**Assignment:** Lines in the listing below containing the string "Zwart" are to be identified and copied.

++++++++++

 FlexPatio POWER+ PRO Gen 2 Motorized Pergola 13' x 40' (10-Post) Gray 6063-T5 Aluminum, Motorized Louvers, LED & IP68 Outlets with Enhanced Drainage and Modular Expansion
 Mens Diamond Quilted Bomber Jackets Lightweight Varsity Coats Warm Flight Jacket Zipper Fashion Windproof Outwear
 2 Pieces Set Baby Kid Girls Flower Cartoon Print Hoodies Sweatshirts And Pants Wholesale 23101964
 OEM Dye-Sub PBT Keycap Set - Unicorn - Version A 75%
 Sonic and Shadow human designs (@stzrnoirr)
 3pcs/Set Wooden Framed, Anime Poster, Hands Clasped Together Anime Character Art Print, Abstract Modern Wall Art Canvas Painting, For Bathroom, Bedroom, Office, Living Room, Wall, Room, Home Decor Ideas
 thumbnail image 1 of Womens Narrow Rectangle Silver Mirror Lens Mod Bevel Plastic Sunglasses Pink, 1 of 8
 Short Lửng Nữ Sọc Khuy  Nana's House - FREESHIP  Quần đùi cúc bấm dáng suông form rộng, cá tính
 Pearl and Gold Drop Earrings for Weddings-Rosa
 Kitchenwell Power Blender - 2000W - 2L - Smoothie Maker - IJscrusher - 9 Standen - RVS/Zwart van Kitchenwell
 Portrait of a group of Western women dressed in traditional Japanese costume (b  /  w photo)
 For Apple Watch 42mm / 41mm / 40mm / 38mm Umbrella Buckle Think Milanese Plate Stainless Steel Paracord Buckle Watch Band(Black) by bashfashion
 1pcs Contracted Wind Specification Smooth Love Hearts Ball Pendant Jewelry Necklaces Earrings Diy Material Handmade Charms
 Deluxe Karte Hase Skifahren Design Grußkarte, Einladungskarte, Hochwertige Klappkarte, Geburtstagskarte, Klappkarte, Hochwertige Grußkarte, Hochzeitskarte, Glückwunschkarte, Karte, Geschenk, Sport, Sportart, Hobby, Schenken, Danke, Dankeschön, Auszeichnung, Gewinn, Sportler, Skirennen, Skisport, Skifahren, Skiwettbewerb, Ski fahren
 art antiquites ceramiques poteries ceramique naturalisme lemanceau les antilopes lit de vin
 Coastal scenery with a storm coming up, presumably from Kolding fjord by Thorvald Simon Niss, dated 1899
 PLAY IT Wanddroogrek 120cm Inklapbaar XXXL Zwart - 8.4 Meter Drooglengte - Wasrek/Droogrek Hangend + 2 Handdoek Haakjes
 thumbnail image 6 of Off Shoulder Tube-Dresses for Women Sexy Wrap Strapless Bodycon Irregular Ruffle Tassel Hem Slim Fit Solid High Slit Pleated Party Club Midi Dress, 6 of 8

++++++++++

**Answer to this exercise:**
 Kitchenwell Power Blender - 2000W - 2L - Smoothie Maker - IJscrusher - 9 Standen - RVS/Zwart van Kitchenwell
 PLAY IT Wanddroogrek 120cm Inklapbaar XXXL Zwart - 8.4 Meter Drooglengte - Wasrek/Droogrek Hangend + 2 Handdoek Haakjes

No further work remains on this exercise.